== REQUIREMENT ==
Although the entries contain pictures, copy only their text, exactly as written.
╭─ INPUT MATERIAL
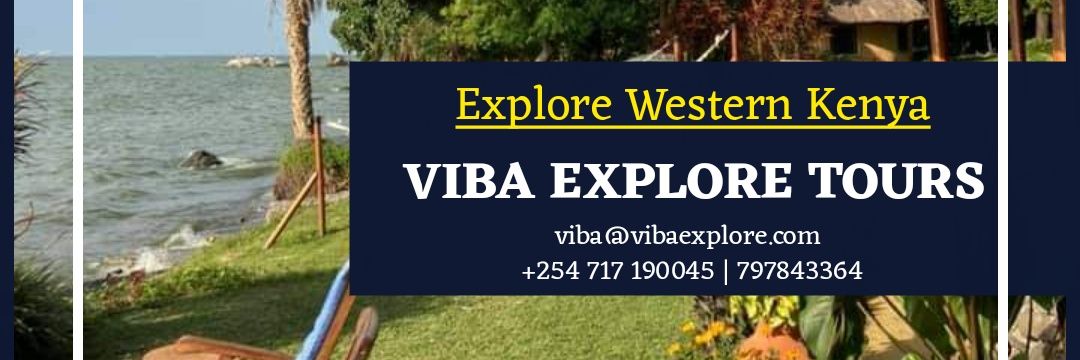 VIBA Explore Tours banner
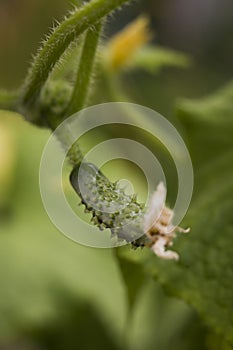 Small budding Green Pickling Cucumber in a Garden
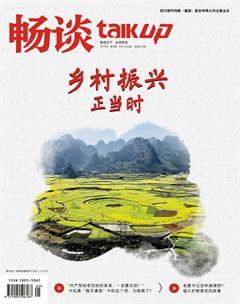 畅谈2018年5期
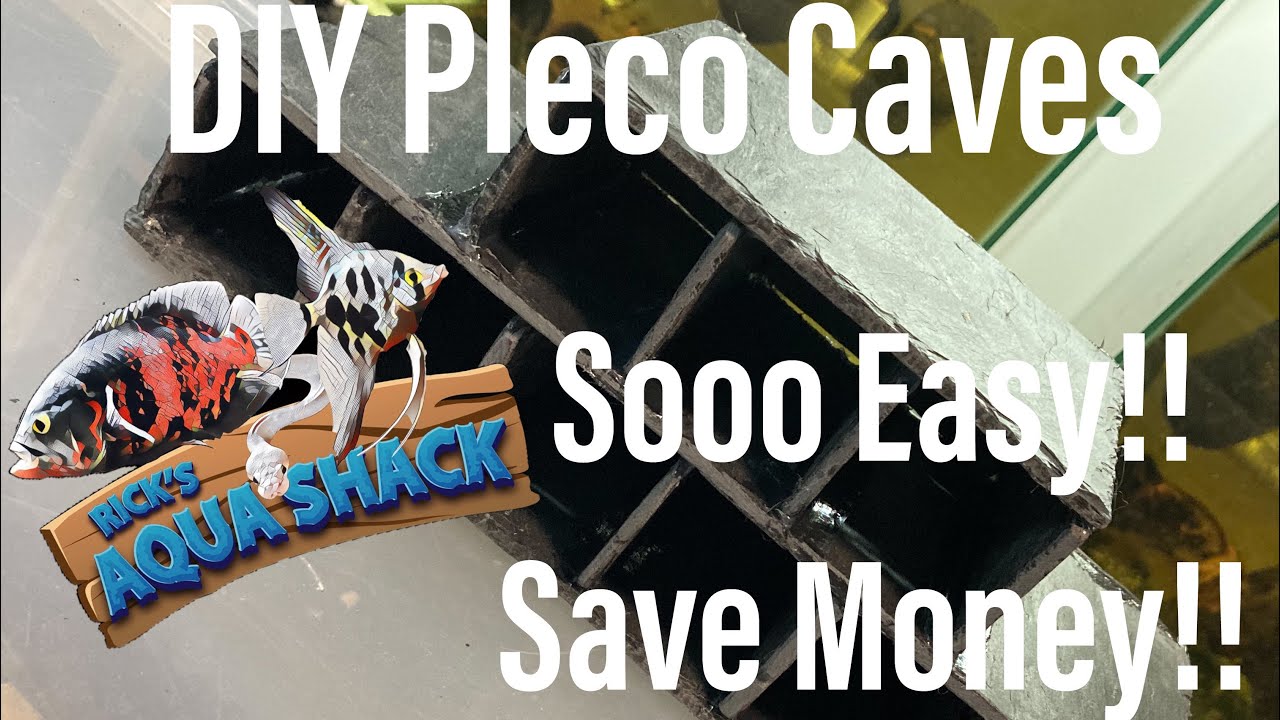 DIY PLECO CAVE (Save money and make what you need!)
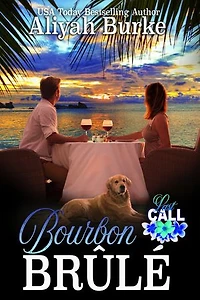 Bourbon Brûlé: A Military, One Night Stand Romantic Suspense
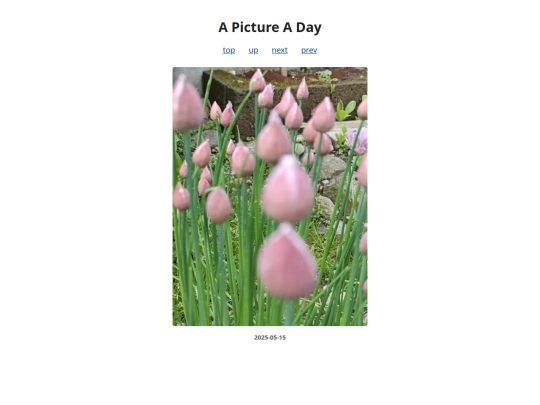 pages/2025/2025-05-15 screenshot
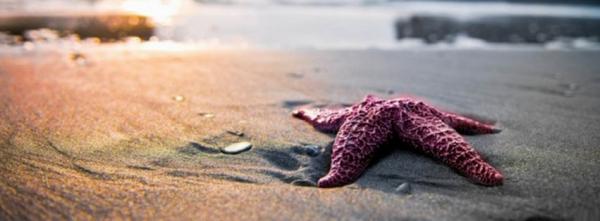 Starfish on Sea Sand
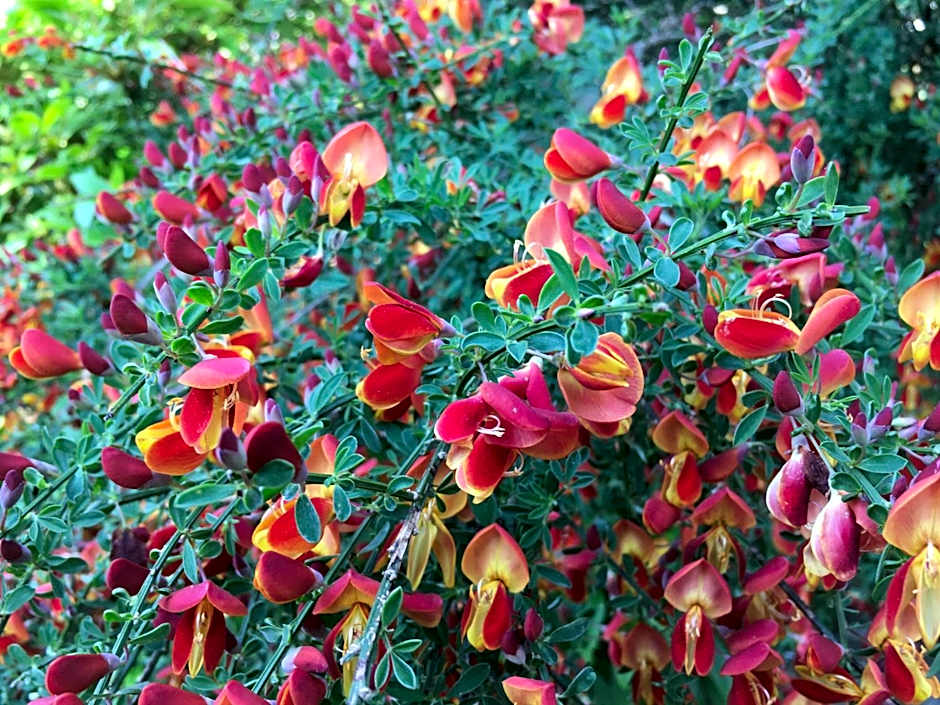 Hotel Garni Rivabella au Lac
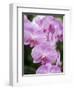 Rare, beautiful orchids bloom in a Florida garden-Dana Hoff-Framed Photographic Print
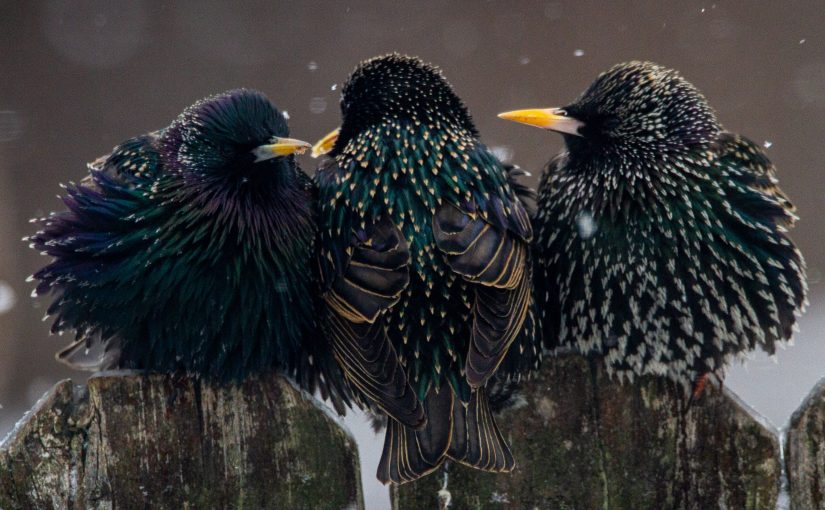 Starlings, Infinity, and the Kith of Kinship | Lyanda Fern Lynn Haupt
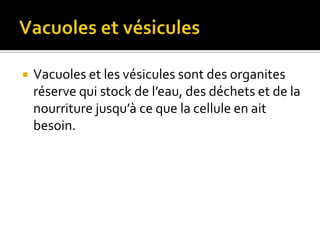 Vacuoles et vésiculesVacuoles et les vésicules sont des organites réserve qui stock de l’eau, des déchets et de la nourriture jusqu’à ce que la cellule en ait besoin.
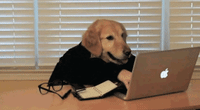 A playful image of a dog using a laptop, emphasizing the rapid advancement of technology and its integration into everyday life.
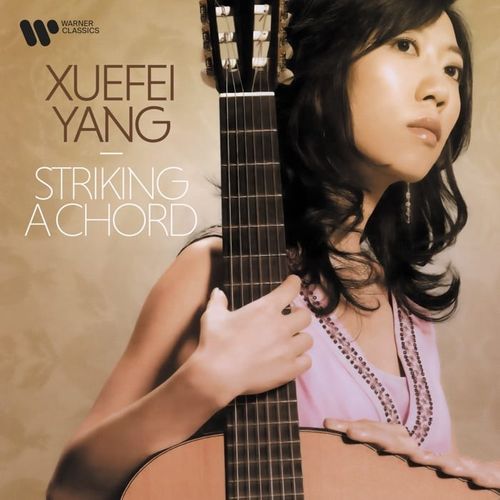 杨雪霏《敲击和弦 Striking a Chord》2022[FLAC]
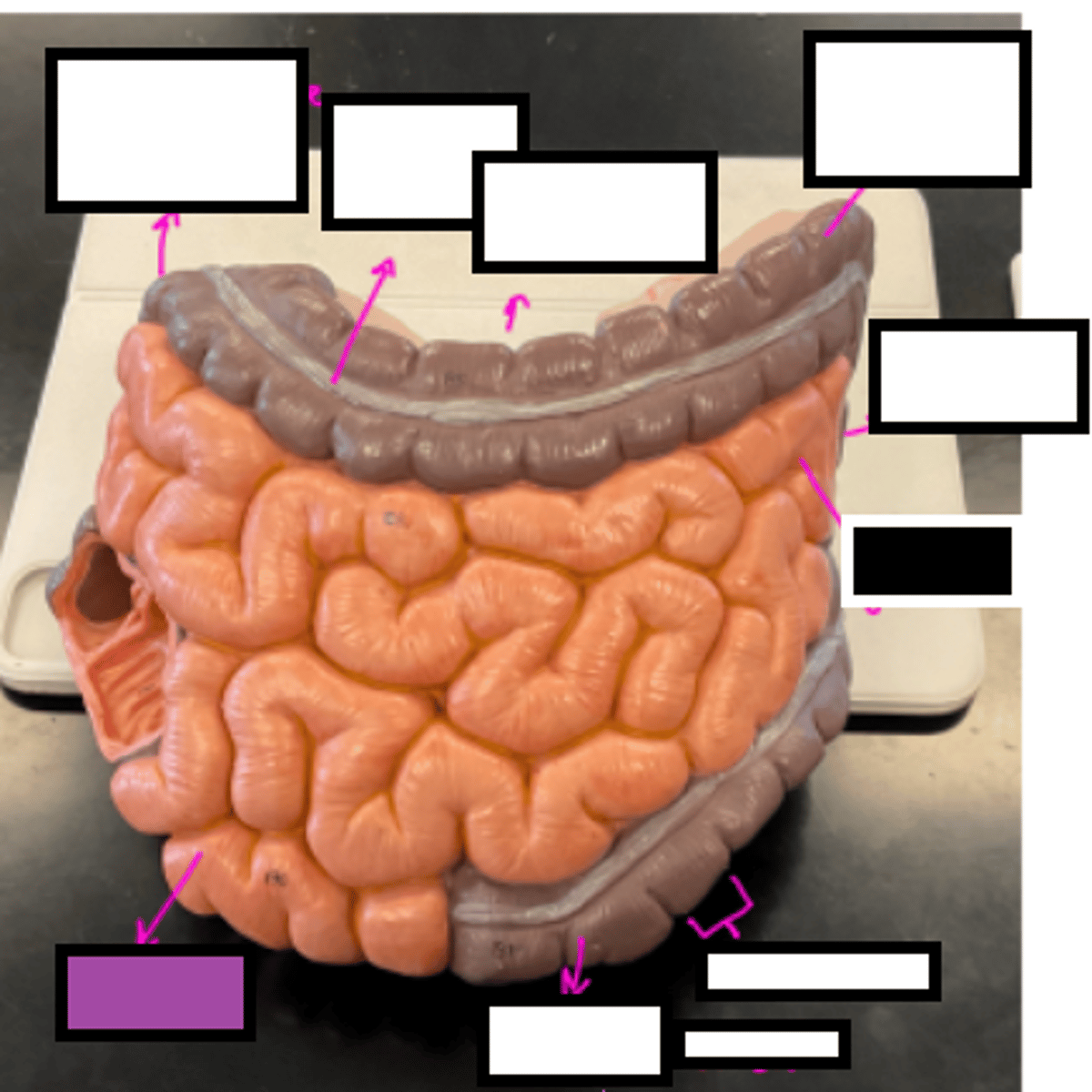 knowt flashcard image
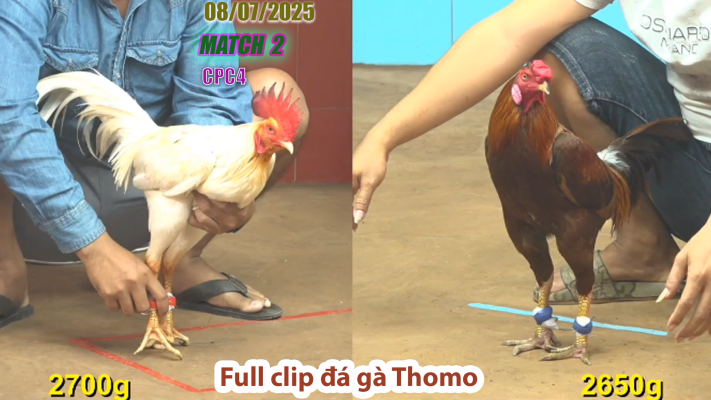 CPC4-TRẬN 2 | đá gà Thomo |08/07/2025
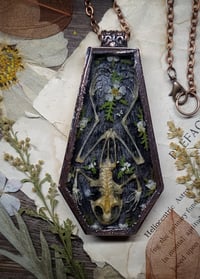 Image 4 of Coffin Amulet - Frog Skeleton and Floral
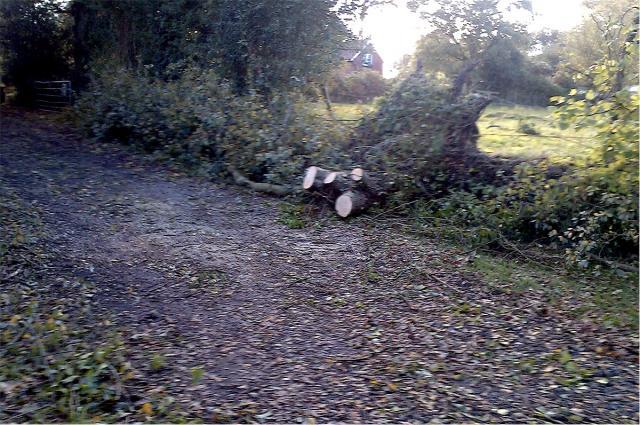 post-4509-0-64896500-1383079913_thumb.jp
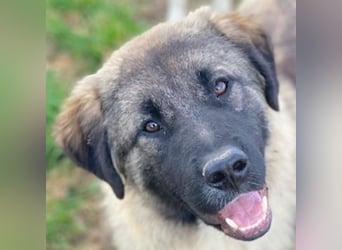 Moglito, geb. ca. 03/2025, lebt in GRIECHENLAND, im städt. Tierheim Serres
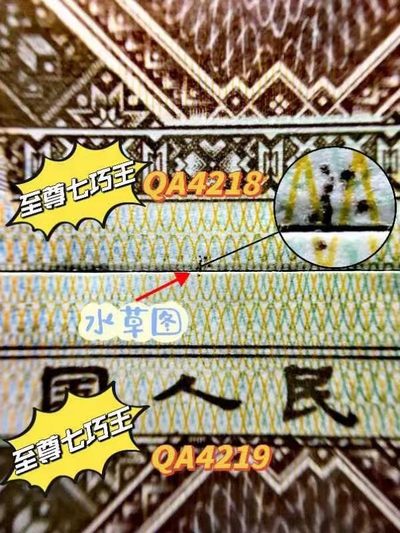 至尊特强七巧王QA4218尾88标十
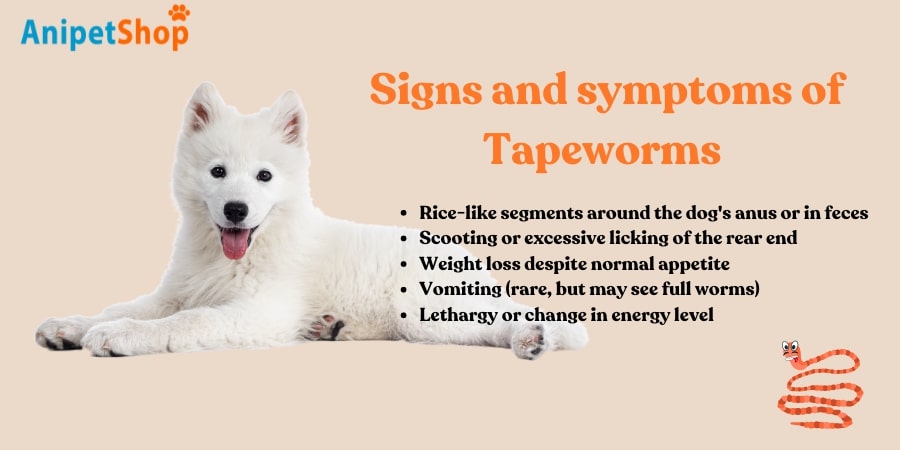 Signs and Symptoms of Tapeworms in Dogs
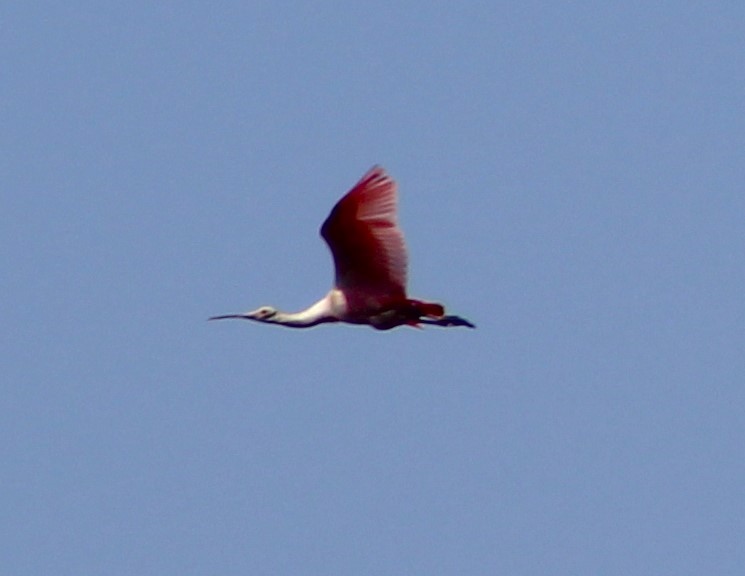 Roseate Spoonbill - ML611145093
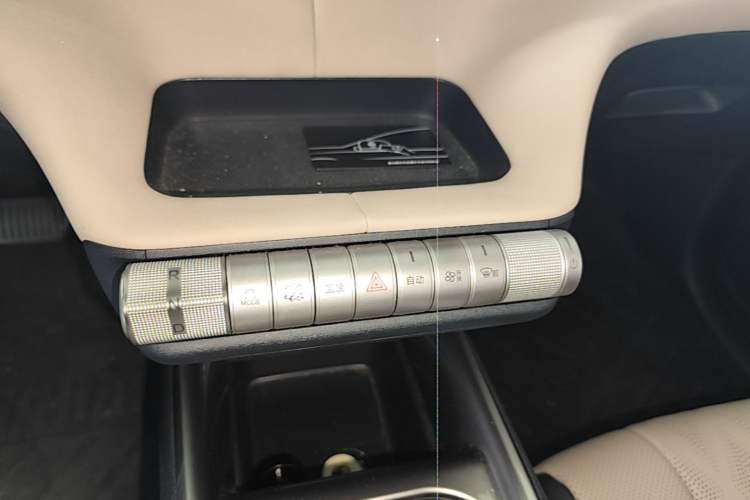 Used BYD Dolphin 2023 420 km Fashion Edition Gear Lever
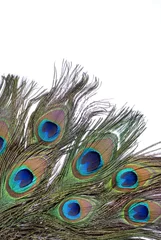 Fotobehang peacock feather © studioDG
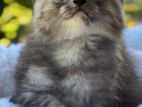 Silver Persian Kitten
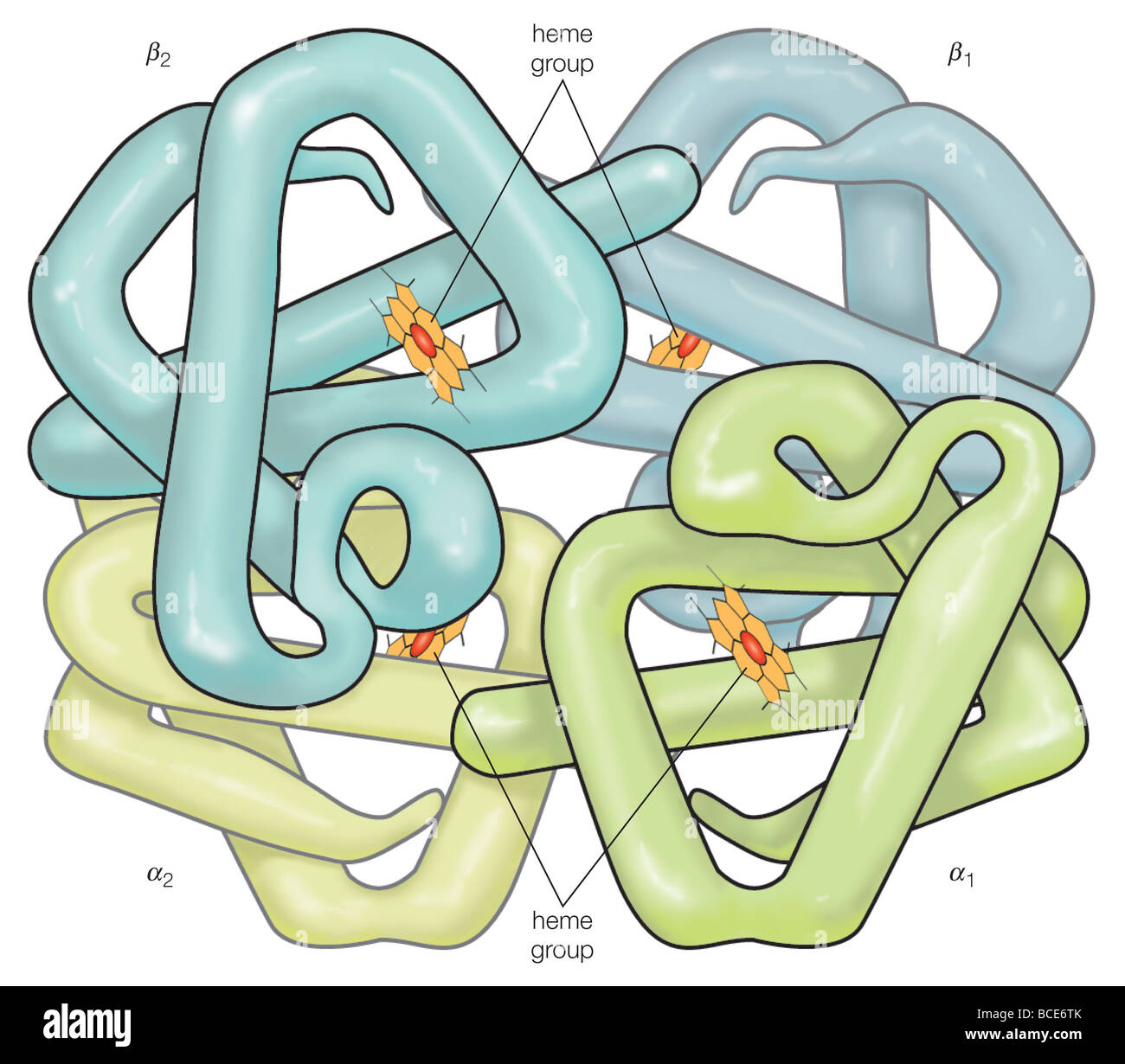L'hémoglobine est une protéine composée de 4 chaînes polypeptidiques, chacun attaché à un groupe composé de l'hème et de porphyrines un atome de fer. Banque D'Images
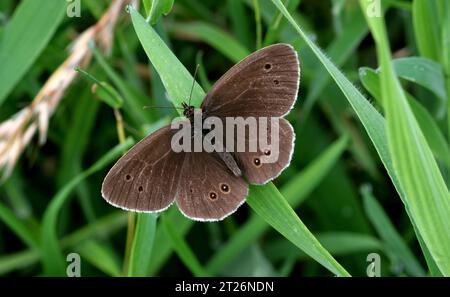 Ringlet Butterfly (Aphantopus hyperantus) adulti che prendono il sole con le ali aperte Potter Heigham, Norfolk, Regno Unito. Luglio Foto Stock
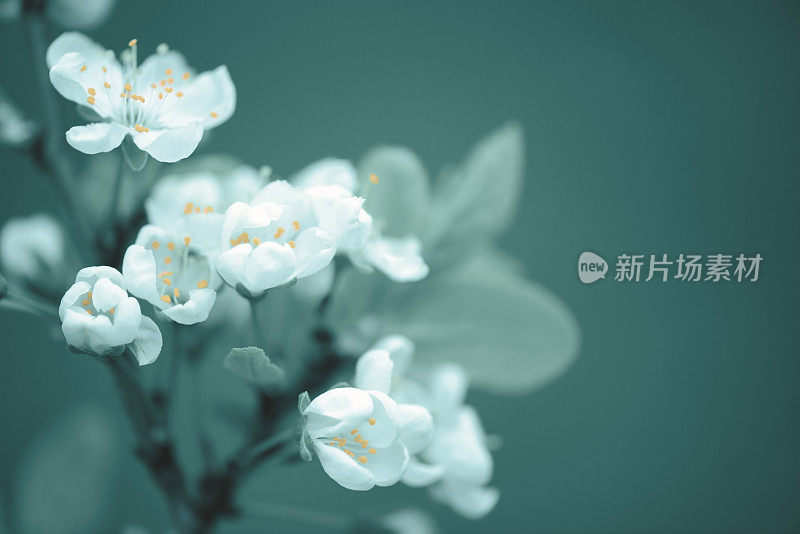 美丽的春天的花朵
╰─
== EXERCISE RESPONSE ==
 VIBA Explore Tours banner
 Small budding Green Pickling Cucumber in a Garden
 畅谈2018年5期
 DIY PLECO CAVE (Save money and make what you need!)
 Bourbon Brûlé: A Military, One Night Stand Romantic Suspense
 pages/2025/2025-05-15 screenshot
 Starfish on Sea Sand
 Hotel Garni Rivabella au Lac
 Rare, beautiful orchids bloom in a Florida garden-Dana Hoff-Framed Photographic Print
 Starlings, Infinity, and the Kith of Kinship | Lyanda Fern Lynn Haupt
 Vacuoles et vésiculesVacuoles et les vésicules sont des organites réserve qui stock de l’eau, des déchets et de la nourriture jusqu’à ce que la cellule en ait besoin.
 A playful image of a dog using a laptop, emphasizing the rapid advancement of technology and its integration into everyday life.
 杨雪霏《敲击和弦 Striking a Chord》2022[FLAC]
 knowt flashcard image
 CPC4-TRẬN 2 | đá gà Thomo |08/07/2025
 Image 4 of Coffin Amulet - Frog Skeleton and Floral
 post-4509-0-64896500-1383079913_thumb.jp
 Moglito, geb. ca. 03/2025, lebt in GRIECHENLAND, im städt. Tierheim Serres
 至尊特强七巧王QA4218尾88标十
 Signs and Symptoms of Tapeworms in Dogs
 Roseate Spoonbill - ML611145093
 Used BYD Dolphin 2023 420 km Fashion Edition Gear Lever
 Fotobehang peacock feather © studioDG
 Silver Persian Kitten
L'hémoglobine est une protéine composée de 4 chaînes polypeptidiques, chacun attaché à un groupe composé de l'hème et de porphyrines un atome de fer. Banque D'Images
 Ringlet Butterfly (Aphantopus hyperantus) adulti che prendono il sole con le ali aperte Potter Heigham, Norfolk, Regno Unito. Luglio Foto Stock
 美丽的春天的花朵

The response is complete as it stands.